In 1760 ontstond de porseleinmanufactuur Buen Retiro, dat als grondstof magnesiumsilicaat gebruikte uit de groeve van Vallacas bij Madrid. Het initiatief kwam van koning Karel III en zijn echtgenote, Maria Amalia van Saksen. Buen Retiro hield op te bestaan als gevolg van een oorlog in 1808.
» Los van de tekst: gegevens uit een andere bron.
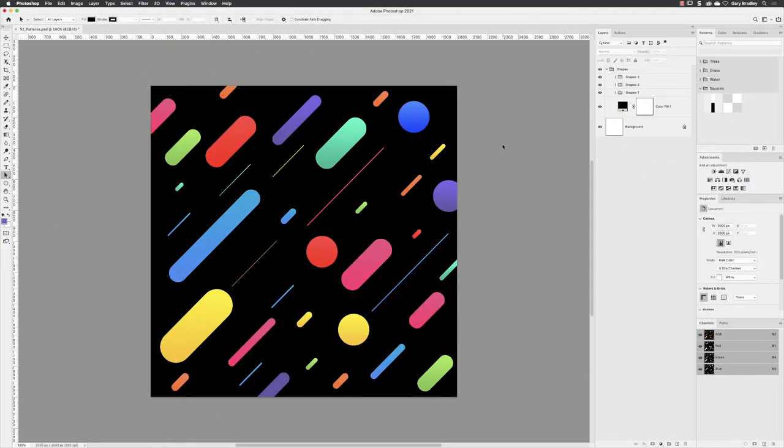So let me just first of all, show you how we used to make patterns in the old school way in Photoshop. Now that started by creating a rectangular marquee selection around the parts of your artwork that you wanted to be included in that pattern. It had to be rectangular or you create your artwork as I have here in a square ratio canvas. And my canvas here is 2000 pixels wide by 2000 tall.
Momenteel produceert het bedrijf Lladro uit Valencia porseleinen figuren zoals meisjes, jongens, clowns, voorstellingen van een beroep, figuren voor een kerststal of dieren.
Portugees porselein
-
1824-heden: Vista Alegre, in de gemeente Ilhavo, Portugal
-
1970-heden: Spal Porcelanas, in de gemeente Alcobaça
-
1987-heden: Porcel - Indústria Portuguesa de Porcelanas, producent van serviezen en geschenkartikelen in porselein
-
1992-heden: Costa Verde
Fins porselein
-
Arabia is een Fins bedrijf opgericht in 1873, dat porseleinserviezen en aardewerk produceert.
-
Iittala is bekend omwille van zijn eigentijdse mooie vormen in porselein. Het maakt cache-pots en serviezen. Bekend zijn ook de vazen ontworpen door Aalvar Aalto. deze vazen zijn in glas gemaakt.
Hongaars porselein
-
1826: Herend maakt serviezen, vazen, cache-pots en figuren die steeds met de hand beschilderd zijn. Herend was in het midden van de 19e eeuw hofleverancier van de Habsburgse dynastie van Oostenrijk-Hongarije, van de familie Rothschild en van een aristocratisch cliënteel in heel Europa. Het bedrijf leidt zelf zijn porseleinschilders op. Hoewel Herend sterk is in het behouden van artistieke tradities en traditionele decors, worden sinds 1990 ook moderne eigentijdse vazen gemaakt.
-
1853 Zsolnay: luxeporselein, maar ook bouwkeramiek (tegels).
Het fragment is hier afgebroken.